#### [EXERCISE DIRECTIONS]
This exercise calls for the whole listing to be given again exactly, without images.

#### [DATA EXTRACT]

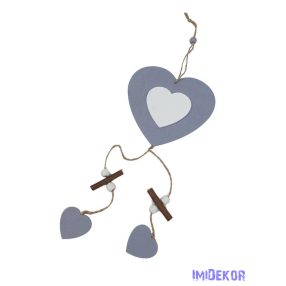 Fa szív függő kb 40cm - Szürke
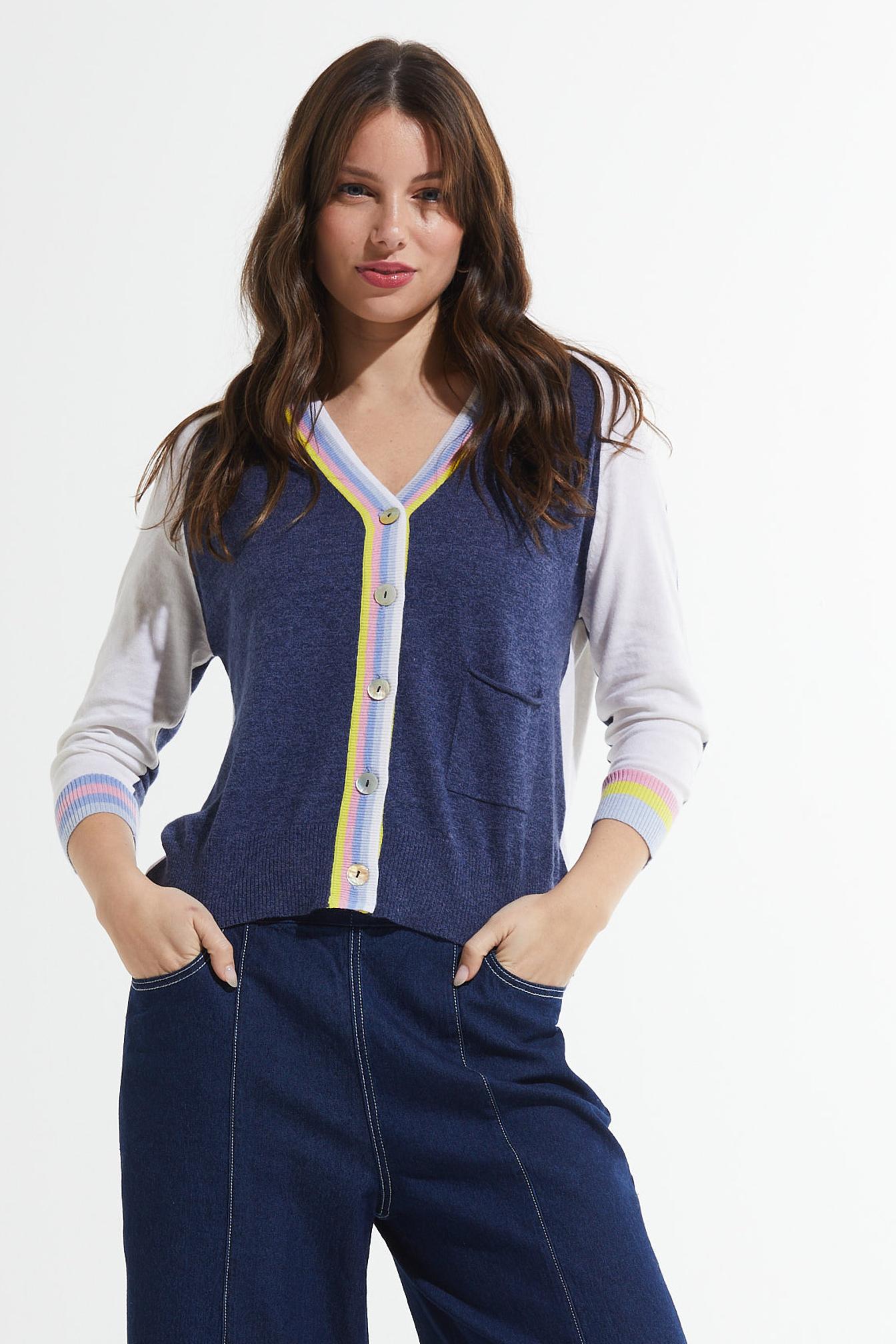 Stripe Trim Cardigan Product Image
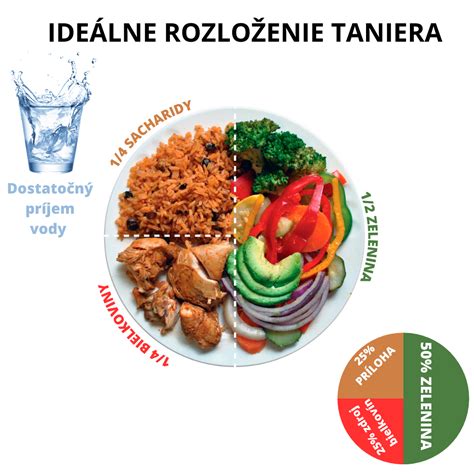 Ilustrácia vyváženého taniera s bielkovinami, sacharidmi a zdravými tukmi.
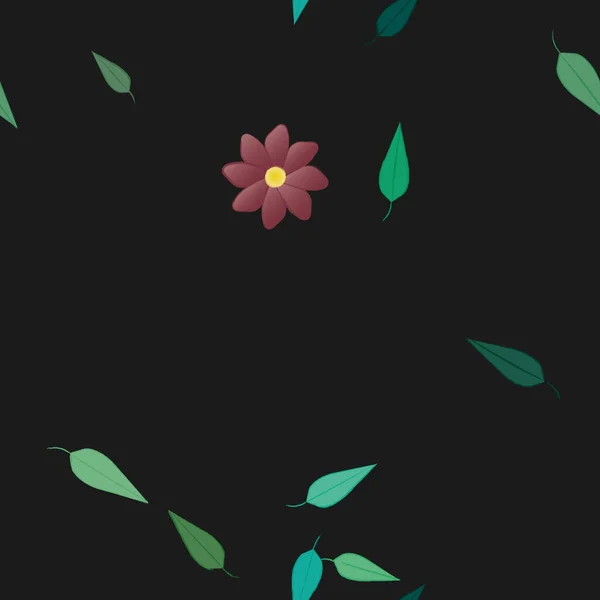 Bloesem Gebladerte Bloemen Bloei Behang Vector Illustratie — Stockvector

#### [TASK RESPONSE]
 Fa szív függő kb 40cm - Szürke
 Stripe Trim Cardigan Product Image
 Ilustrácia vyváženého taniera s bielkovinami, sacharidmi a zdravými tukmi.
 Bloesem Gebladerte Bloemen Bloei Behang Vector Illustratie — Stockvector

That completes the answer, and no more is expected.